The authors would like to express their sincere gratitude to Professor Yi Yang and Dr. Hui Chen for their invaluable support and guidance throughout this research.

    CONFLICT OF INTEREST STATEMENT

    The authors have no potential conflicts of interest.

    FUNDING

    This work was supported, in part, by the National Key Research and Development Program of China (2022YFC2504405), the National Natural Science Foundation of China (82341032, 81930058, 82270083), the Second Level Talents of the ‘333 High Level Talents Training Project’ in the sixth phase in Jiangsu (LGY2022025), and Jiangsu Provincial Medical Key Laboratory (ZDXYS202205) and ‘Hongmian Plan’ Project of Guangzhou (No. HMJH-2020-0005).
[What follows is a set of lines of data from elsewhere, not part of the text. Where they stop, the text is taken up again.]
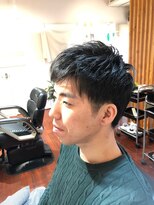 オガヘアー(OGA hair) ナチュラルツーブロック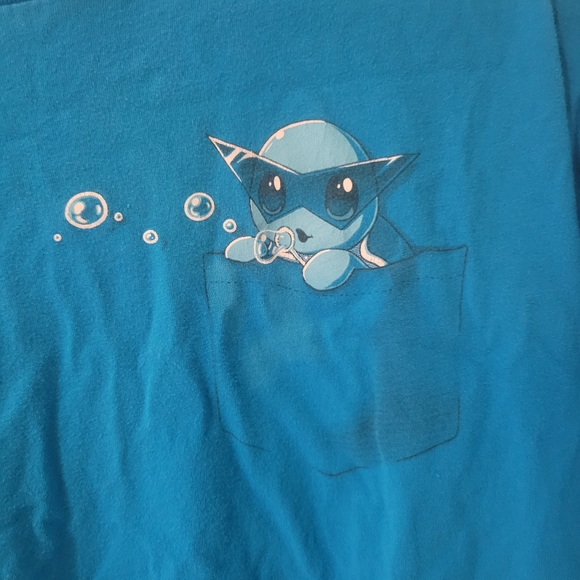 Teeturtle pokemon squirtle tshirt - Picture 3 of 3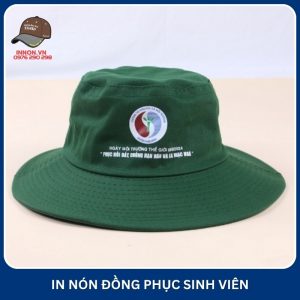 In nón đồng phục sinh viên đẹp bền GIÁ TỐT giao nhanh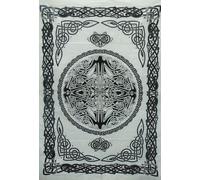 Poster regalo da appendere a parete mandala indiano arazzo in cotone hippie l...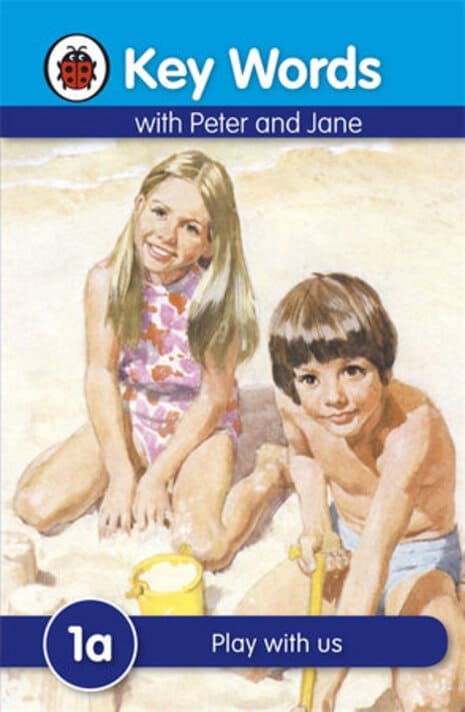 Keywords with Peter and Jane 1a Play with us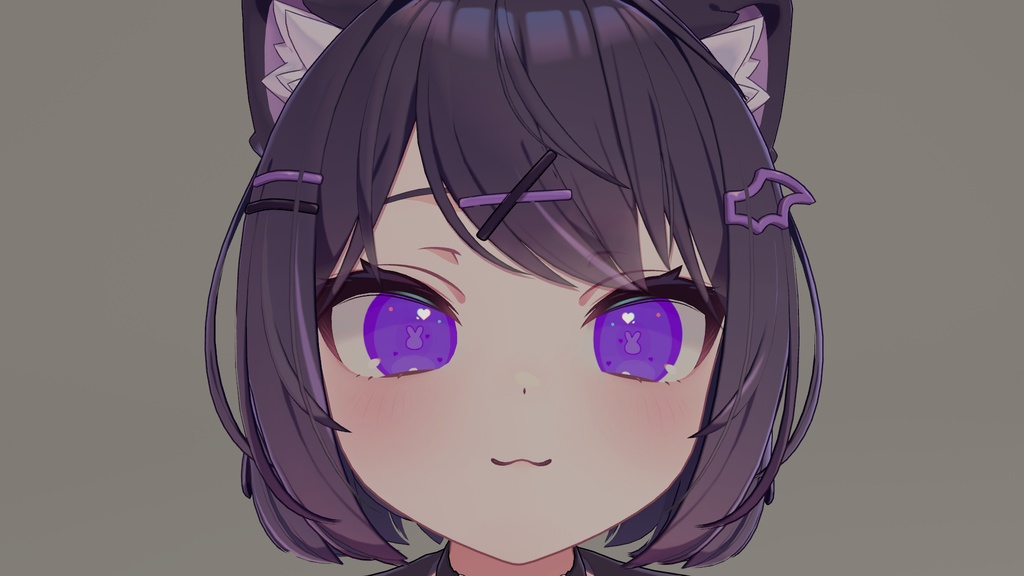 【ショコラ専用】Rabbit eye eye texture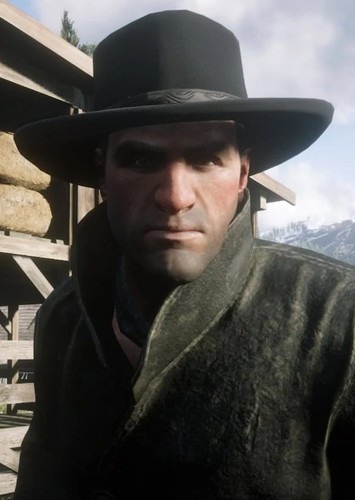 Laramie Gang Leader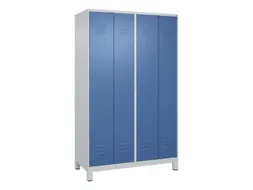 PBM-locker,HxBxD 1950x1200x500mm,4vak,vak B 300mm,cil.-slot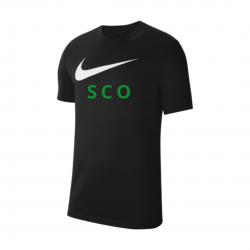 T-SHIRT PARK 20 NOIR "SCO"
    ETHICS APPROVAL AND CONSENT TO PARTICIPATE

    This study was approved by the ethics committee of the central institutional review board in Southeast University Zhongda Hospital (2021ZDSYLL304-P02) and ethics committees of other research centres (Jiangsu Province Hospital: 2022-SR-028, Nanjing First Hospital: KY20220314-06 and Northern Jiangsu People's Hospital: 2022ky123). Written informed consent was provided by all enrolees or surrogates.

    DATA AVAILABILITY STATEMENT

    The datasets generated and/or analysed during the current study are not publicly available considering the privacy or ethical restrictions but are available from the corresponding author on a reasonable request. Microbial sequencing data are available at NCBI Accession no. PRJNA1078115.